E-mails and comments welcome from teachers and learners of all ages.  
February 26, 2003
English accent lessons for sale!

Freedom and Whisky had a link to this advert at the top when I visited today.

As I keep on doing this, I'm learning that one of the big impulses behind free market education is the desire of people in all kinds of places and situations to learn English, often in defiance of their local politicians, who often come over all indigenous. This is certainly the case in India, where the state forbids the use of English as the linguistic learning medium (?) in its schools. (What I mean is, they have English lessons, but you can't do the regular lessons in English.)

This advert, in case it vanishes, is for lessons to Hispanic-Americans who already speak English, but who do it with an accent they'd like to make more native sounding.

Our Accent Reduction programs help you modify your speech so that your English is more understandable by native, American-English speakers. This program is best suited for people who already have an intermediate to advanced English capability.

My problem with other languages is the opposite. Accents I can do very well. It's all those, you know, words, that I can't do.

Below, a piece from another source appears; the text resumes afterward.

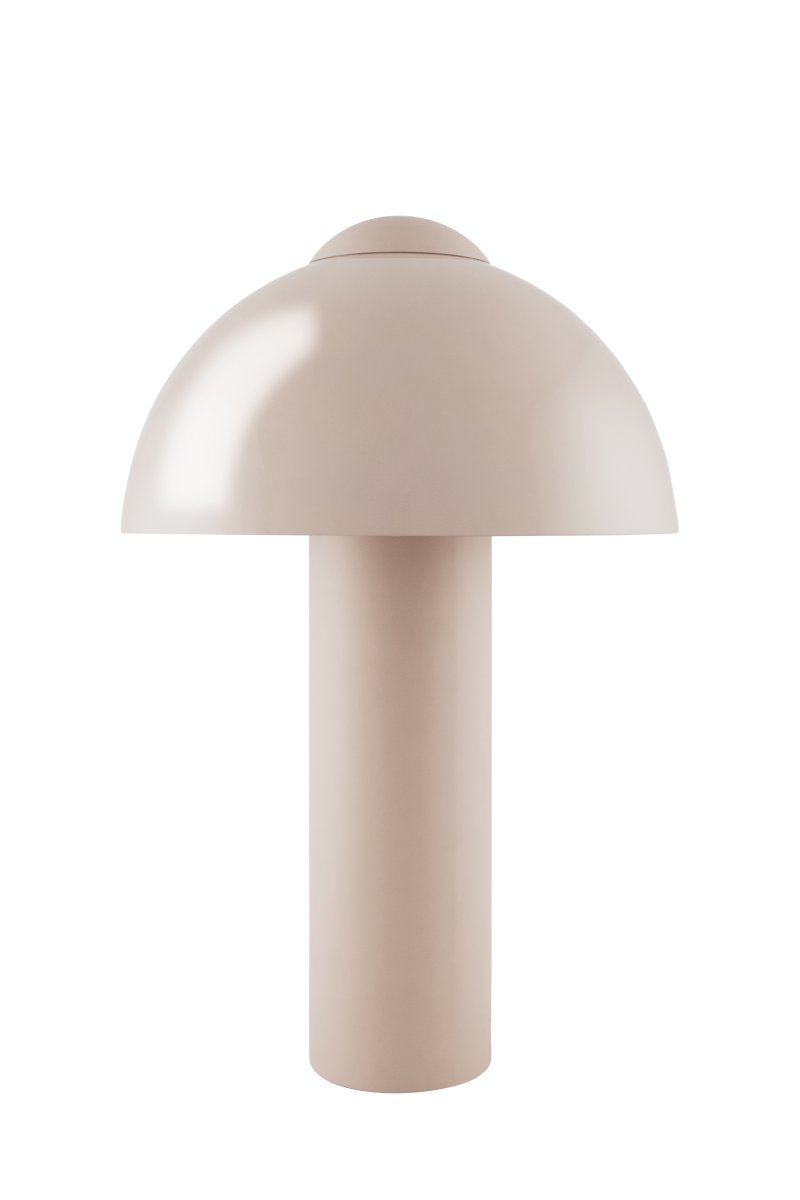 Buddy 36cm Sand bordlampe Fra Globen Lighting - Den matte lampefoten og toppen st&aring;r i kontrast til en h&oslash;yglanset lampeskjerm.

When in France I actually have to modify my excellent French accent, to stop the French linguistically erupting all over me in a way I can't make head nor tail of. Try to imagine someone saying, in perfect English: "I'm sorry, I don't speak English", with all the diphthongs done in the elaborately elongated diphthongy English way just as they should be done. That's me in French. (Not that I care. Soon all will speak English, or human as we now say. All, I say, all!!)

And this one, for advanced English speakers, looks interesting too. I wonder if there's any significance to the fact that these products are being advertised on a Scottish blog. They do odd things to English up there, to the point where regular people often can't make them out.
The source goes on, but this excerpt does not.